What the task asks ->
If an entry holds a picture, drop the picture but restate the entry word for word.

[Stored items]
BEGIN
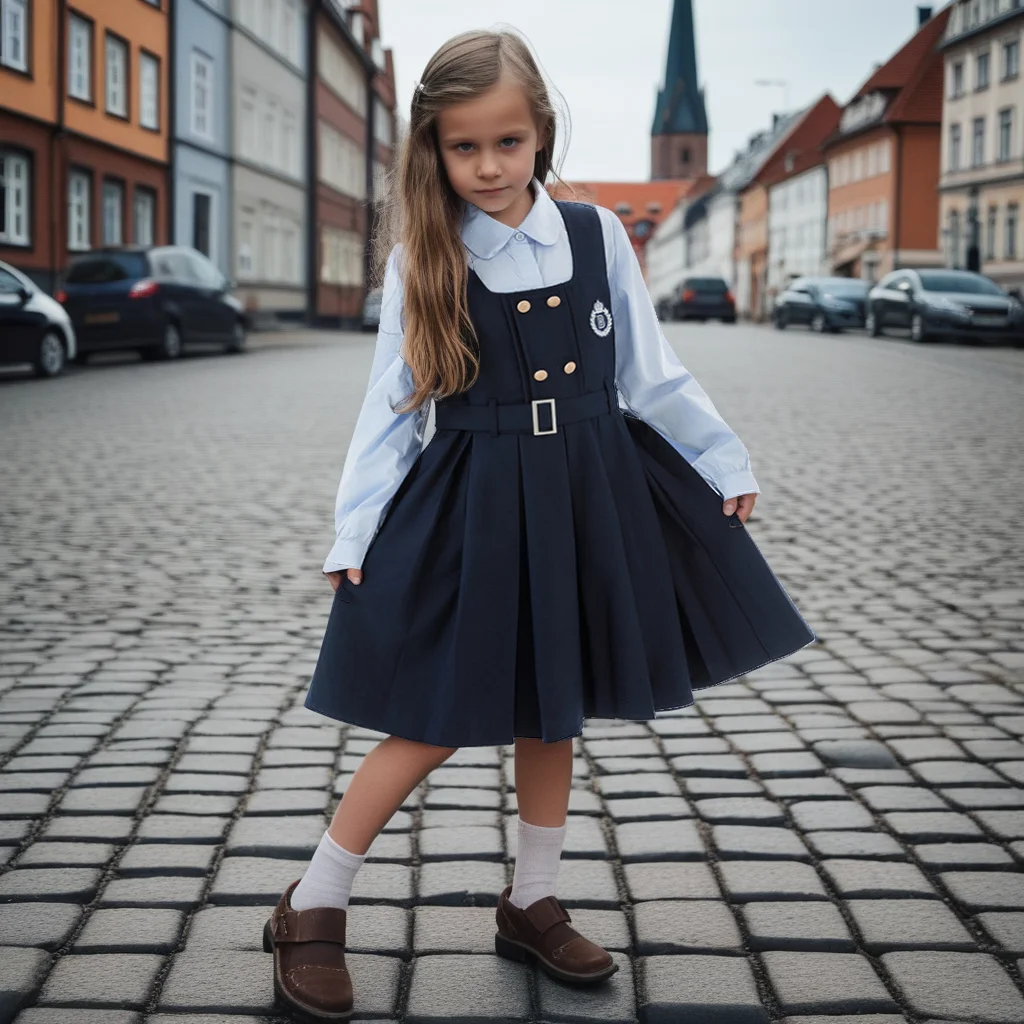 

Комплект одежды для девочек-подростков, комплект из 2 предметов в консервативном стиле, весенне-осенняя рубашка с длинными рукавами, платье-джемпер, школьная форма, платье, наряд для детей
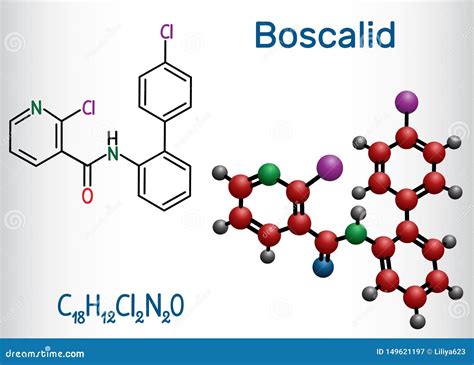 Boscalid Fungicide Molecule 3d Rendering Atoms Are Represented As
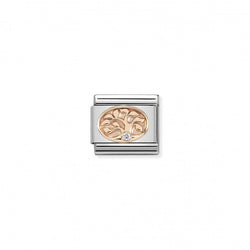 Nomination Composable Classic Link SYMBOLS TREE OF LIFE in Stainless Steel with 9K Rose Gold and Cubic Zirconia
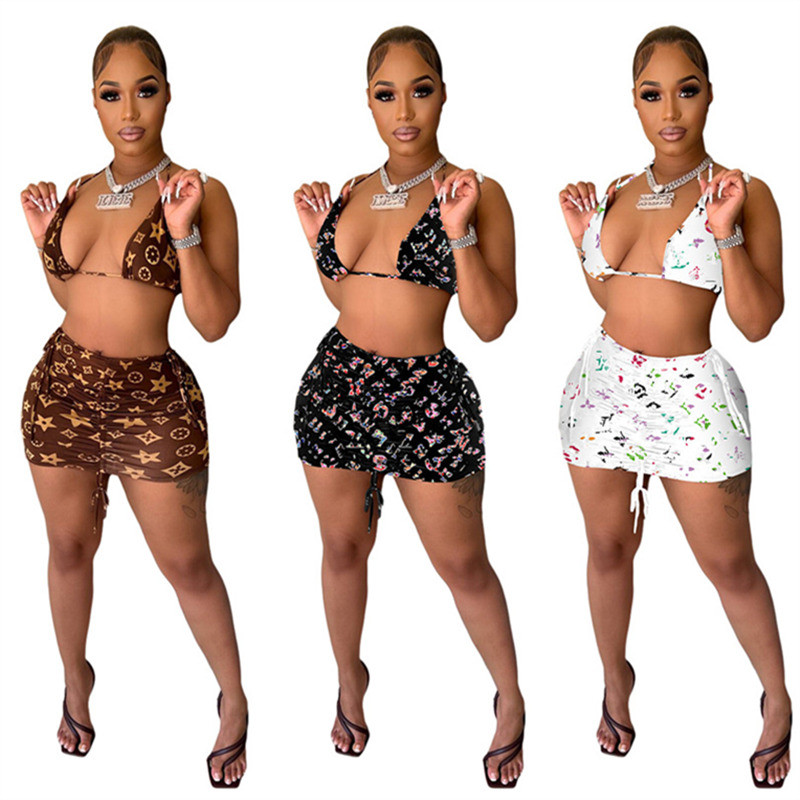 

3pcs Set Women Swimwear Classic Letter Bikini Suit Suspender Bra Vest Crop Top and Briefs and Skirt Swimsuit Ladies Beachwear Outfits S-2XL, Randomly mixed colors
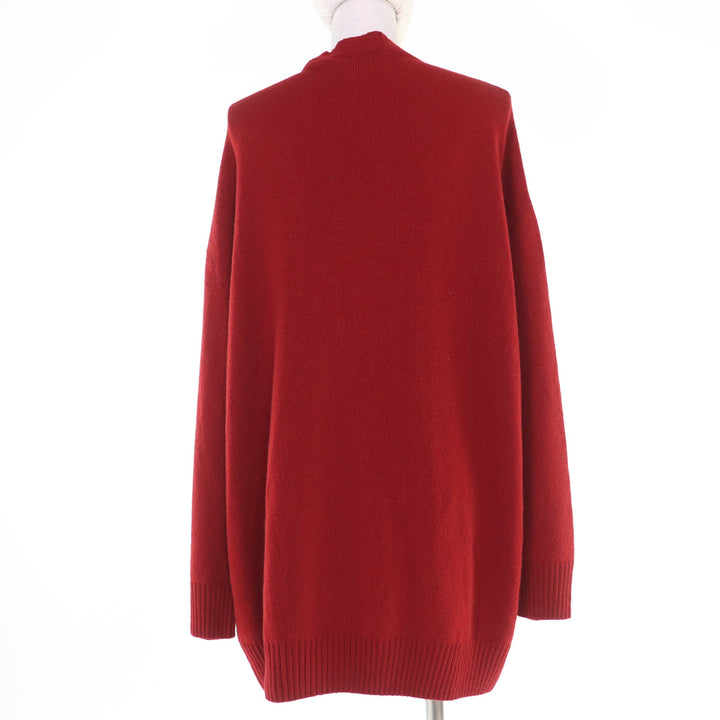 未使用品☆GUCCI グッチ 23AW 749064 カシミヤ100％ オーバーシルエット ホースビット金具 長袖ニット カーディガン レッド S 正規品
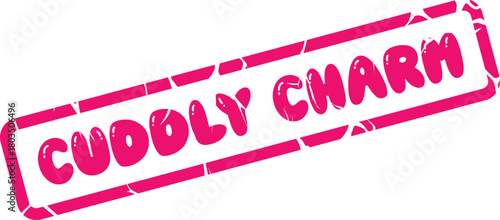 Cuddly Charm Pink Rubber Stamp Design with Distressed Texture for Playful Branding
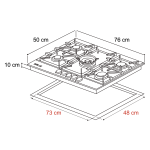 DRIJA ESTUFA EMPOTRABLE DE 76CM A GAS 5 QUEMADORES MILAN76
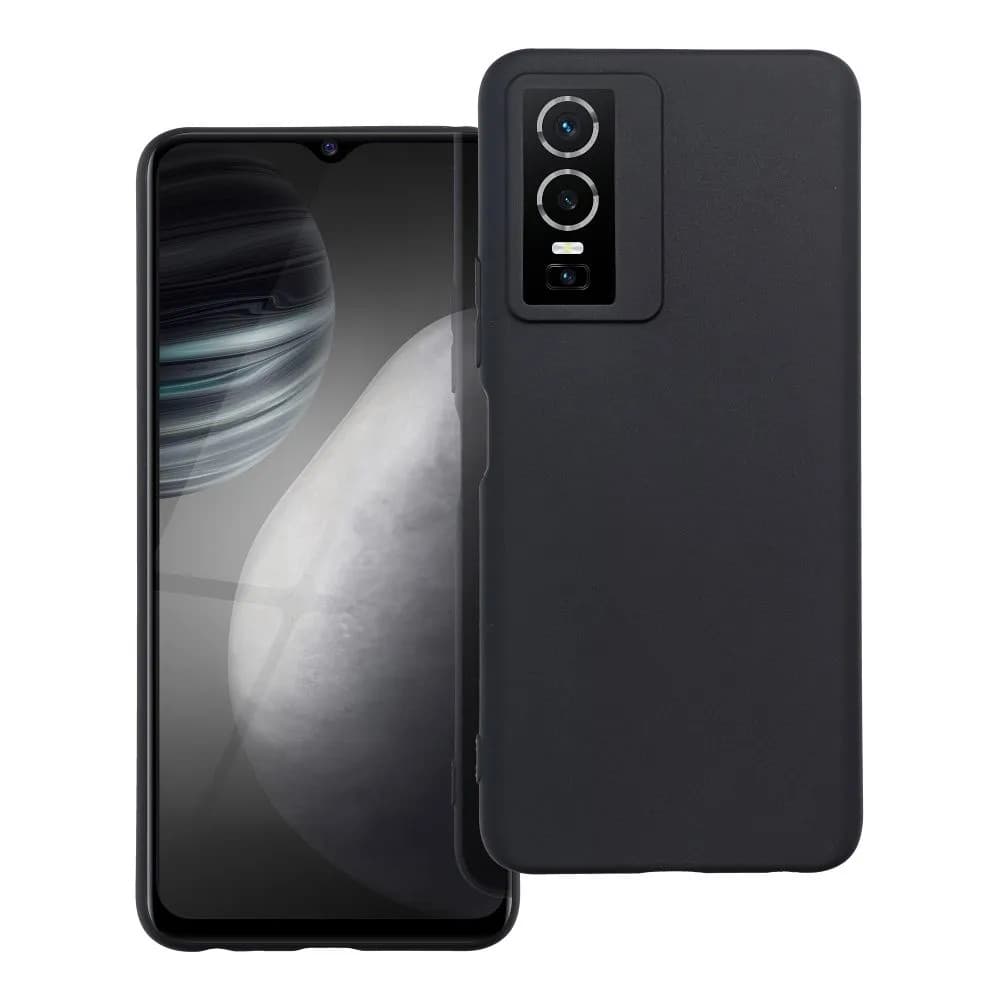Husa protectie Vivo Y76 5G, Matt TPU, silicon moale, negru — principală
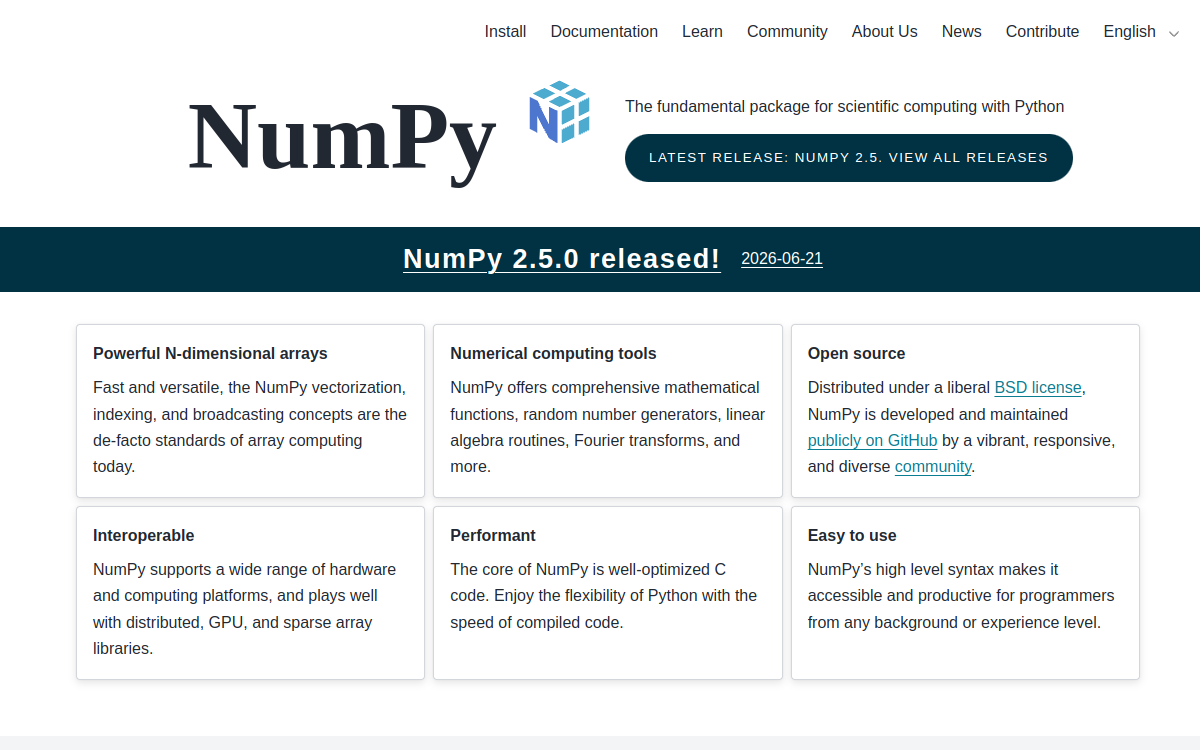 NumPy 网站预览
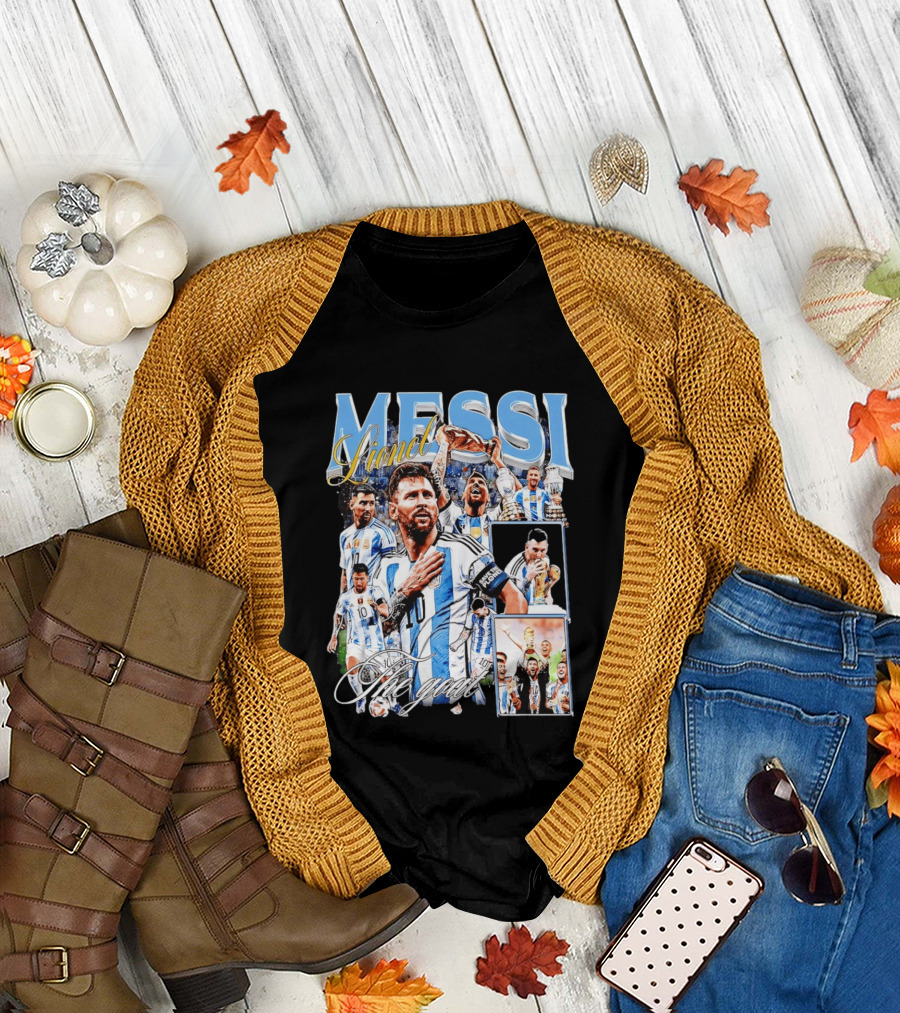 Lionel Messi The Goat Argentina National Football Team Celebration T-Shirt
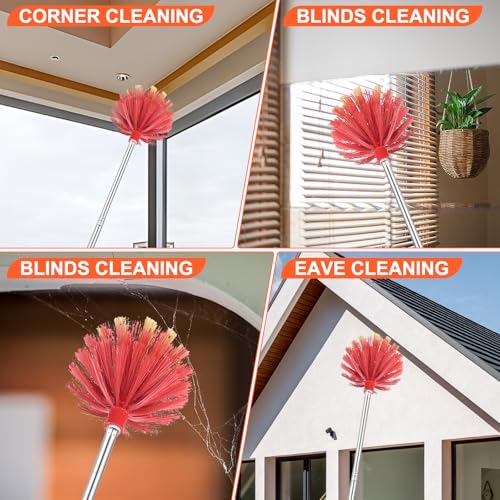 Cobweb Duster with Extension Pole - 59-Inch Extendable Spider Web Brush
END
Written solution ->
Комплект одежды для девочек-подростков, комплект из 2 предметов в консервативном стиле, весенне-осенняя рубашка с длинными рукавами, платье-джемпер, школьная форма, платье, наряд для детей
 Boscalid Fungicide Molecule 3d Rendering Atoms Are Represented As
 Nomination Composable Classic Link SYMBOLS TREE OF LIFE in Stainless Steel with 9K Rose Gold and Cubic Zirconia

3pcs Set Women Swimwear Classic Letter Bikini Suit Suspender Bra Vest Crop Top and Briefs and Skirt Swimsuit Ladies Beachwear Outfits S-2XL, Randomly mixed colors
 未使用品☆GUCCI グッチ 23AW 749064 カシミヤ100％ オーバーシルエット ホースビット金具 長袖ニット カーディガン レッド S 正規品
 Cuddly Charm Pink Rubber Stamp Design with Distressed Texture for Playful Branding
 DRIJA ESTUFA EMPOTRABLE DE 76CM A GAS 5 QUEMADORES MILAN76
Husa protectie Vivo Y76 5G, Matt TPU, silicon moale, negru — principală
 NumPy 网站预览
 Lionel Messi The Goat Argentina National Football Team Celebration T-Shirt
 Cobweb Duster with Extension Pole - 59-Inch Extendable Spider Web Brush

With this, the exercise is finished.